Film Analysis of Bottle Shock

            I chose to review Bottle Shock as part of my overall exploration of the differences between wine and beer cultures. Bottle Shock dives into the intricacies of wine culture in both America and in France. This film analysis provides much evidence for my research blog about wine’s history and cultural significance.

Bottle Shock is an American film released in 2008 that dramatize the events of the “Judgment of Paris.” Randall Miller directed the movie and is one of the three screenwriters including Jody Savin and Ross Schwart. The movie stars Bill Pullman as Jim Barrett, Chris Pine as Bo Barrett, and Alan Rickman as Steven Spurrier. Throughout the film, the clash of French and American wine cultures culminates with the ultimate blind taste test to differentiate between a French and American wine. Other minor themes explored in the film are father-son relationships, bildungsroman, and defiance against all odds.

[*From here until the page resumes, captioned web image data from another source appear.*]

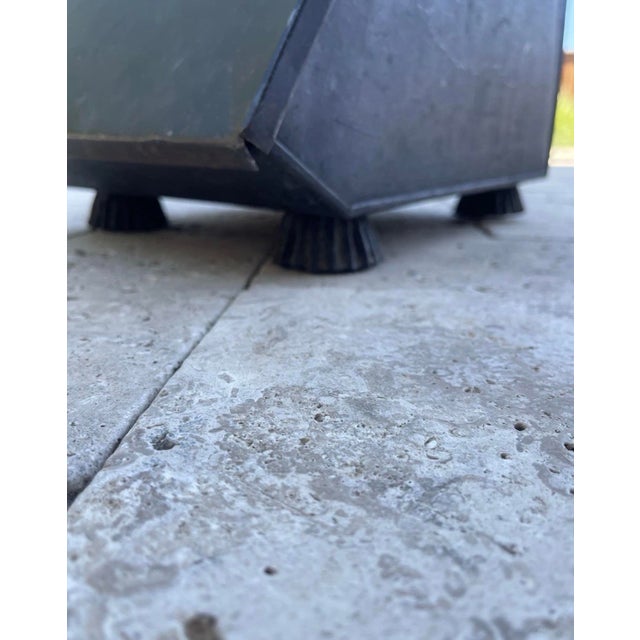 Vintage Black Metal Fireplace Scuttle Box Bin Brass Handle Coal Ash For Sale - Image 9 of 12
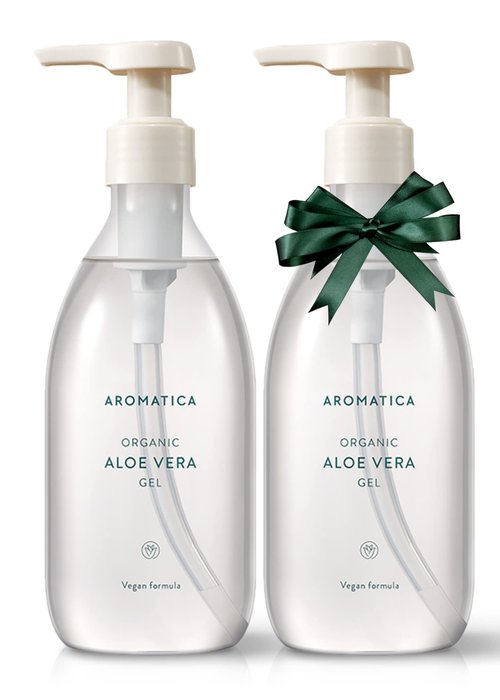 AROMATICA Organic Aloe Vera Gel Gift Set 300ml each – Vegan Body Moisturizer for Irritated Skin, After-Sun Skin Care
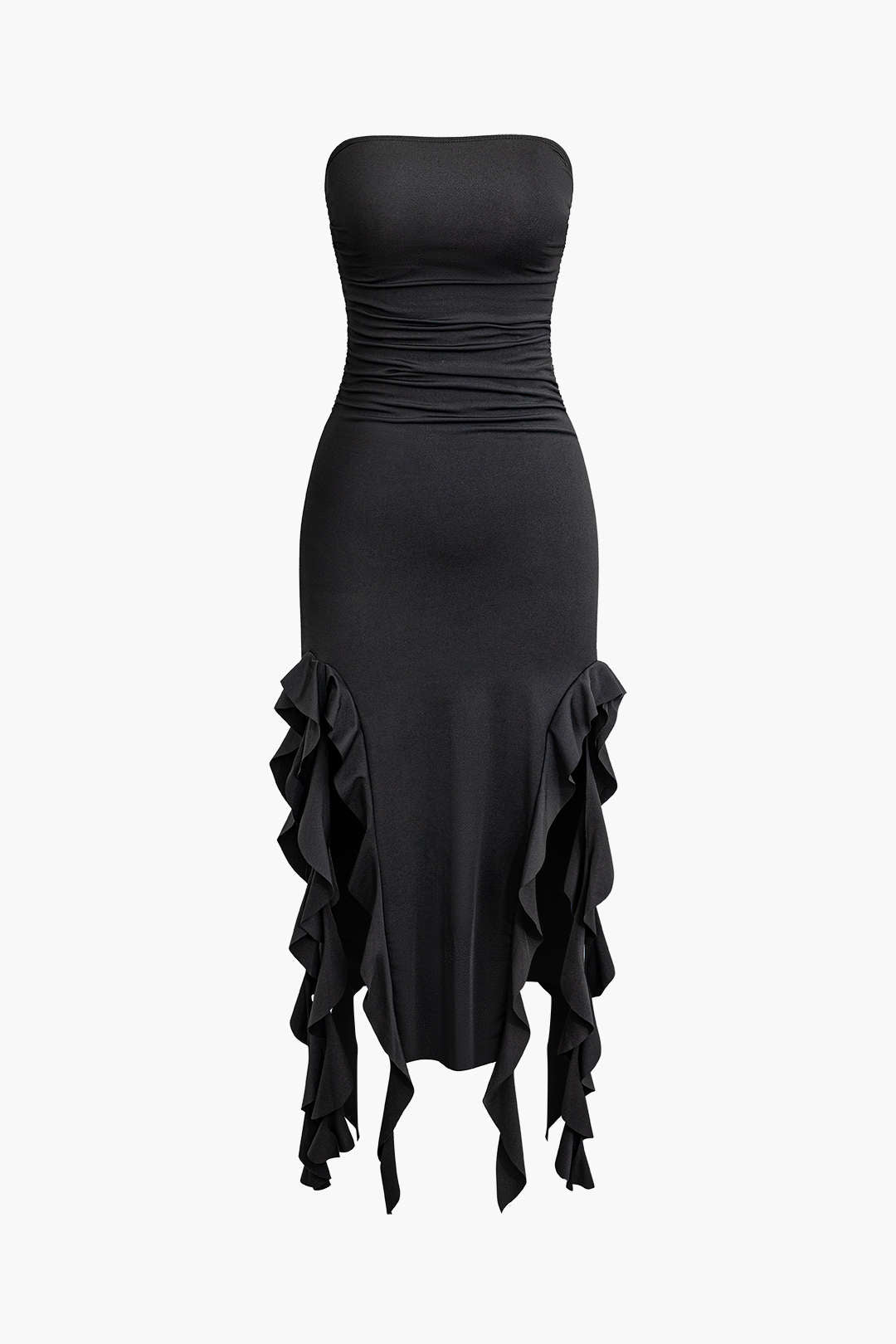 BLACK STRAPLESS MIDI DRESS WITH RUFFLES FOR WARM WEATHER AND SPECIAL OCCASIONS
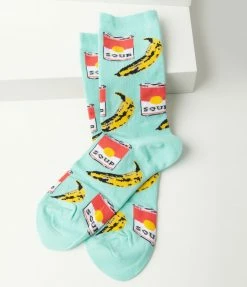 Yellow Owl Workshop Mint Blue Pop Art Crew Socks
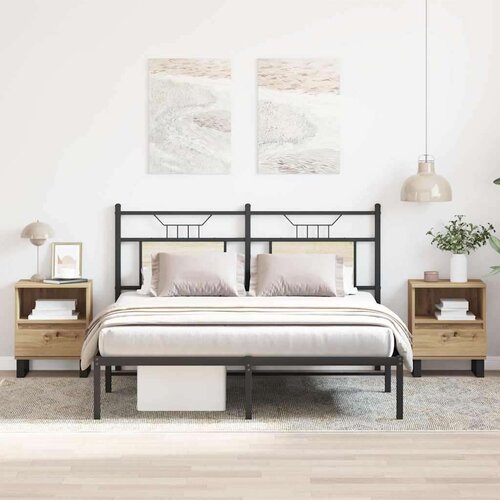 VidaXL Nočna omarica 2 kosa artisan hrast 40x35x50 cm inženirski les Slike
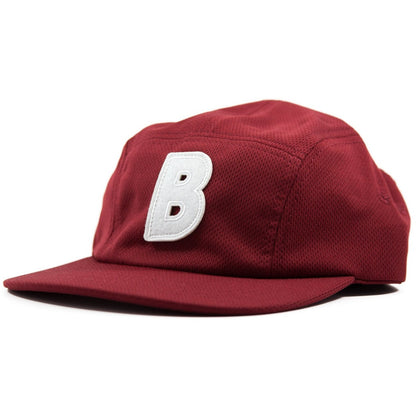5-panel unconstructed mesh polyester burgundy hat featuring BLED letter logo felt patch on the front and BLED logo embroidered on the back with adjustable strap, skateboards, hype, skate, streetwear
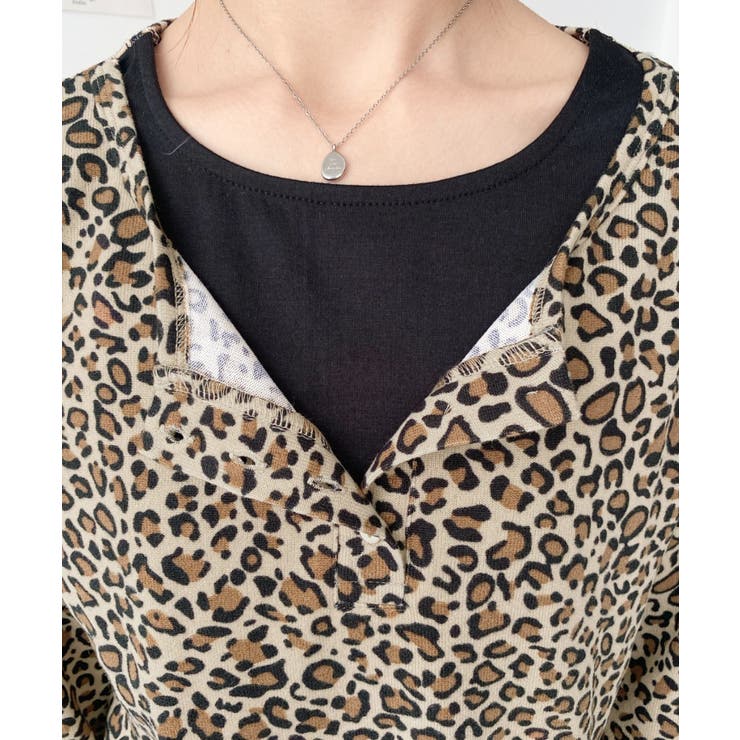 レオパードプリントレイヤード風ヘンリーロンT | moment+ | 詳細画像14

The movie begins with the introduction of Steven Spurrier and his quest to determine who has the best wine: the French or the Americans. Spurrier later agrees to arrange a blind testing competition among several wines from France and California to settle the debate on record. Spurrier travels to Napa Valley, California to find the best American wine to compete. Meanwhile, Jim Barrett, the owner of Chateau Montelena, struggles to keep his business alive with his son Jo Barrett, Jo’s friend Gustavo Brambila, and the new intern Sam Fulton. Spurrier meets Jim Barrett one day and, after trying Barrett’s white wine, Spurrier is impressed and chooses Barrett’s wine as one of the wine’s in his taste test. Jim’s relationship with his son greatly improves as they piece together their confidence in their wine and enter the competition.

The events in the film are based on true events that took place in 1976 in France, known as “Judgment of Paris.” The film also explores the wine culture and the clash of egos between Californians and the French in their art of producing wine. Throughout the film, both the French and the Americans pride themselves on the wine and the hardships they endure to make it. Specifically, Barrett’s scene of checking on his wine and his demand to “make it whiter” shows his true dedication to make wine as perfect as it can be. The juxtaposition of the father’s and son’s attitudes toward the business in the beginning of the film shows the different generational views toward the wine industry.

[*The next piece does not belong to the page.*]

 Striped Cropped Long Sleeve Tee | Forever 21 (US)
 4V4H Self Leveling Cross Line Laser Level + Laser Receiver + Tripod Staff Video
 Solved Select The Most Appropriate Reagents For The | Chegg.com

Another recurring scene involves the way to drink wine, as well as a thoroughly detailed description of the drink. Many characters comment on the origins, ingredients, and other special features the drink may possess. Characters often describe the wine in very specific terms, such as saying the wine “tastes like citrus with a touch of spice.” Characters also show how to drink wine properly as they grab the wine by the stem instead of the bowl because of the transfer of heat from the hand to the wine.

The film highlights the difference of taste between the American and the French wine. The tastes of wines between nations differ by a small margin despite the American winning the competition. For so long, France’s wine was considered supreme in its position of the best wine in the world. Now, the world competes aggressively to claim the top since France fell from grace after the infamous “Judgment of Paris.” France’s pride in its wine is ingrained in the long history of its people and their culture. From the way the wine is consumed to the specificity of its color, wine is held in high regard in America, France, and many other parts of the world. The film captures the wine culture and the expectation of the competition, which opens the door to a new era for wine worldwide.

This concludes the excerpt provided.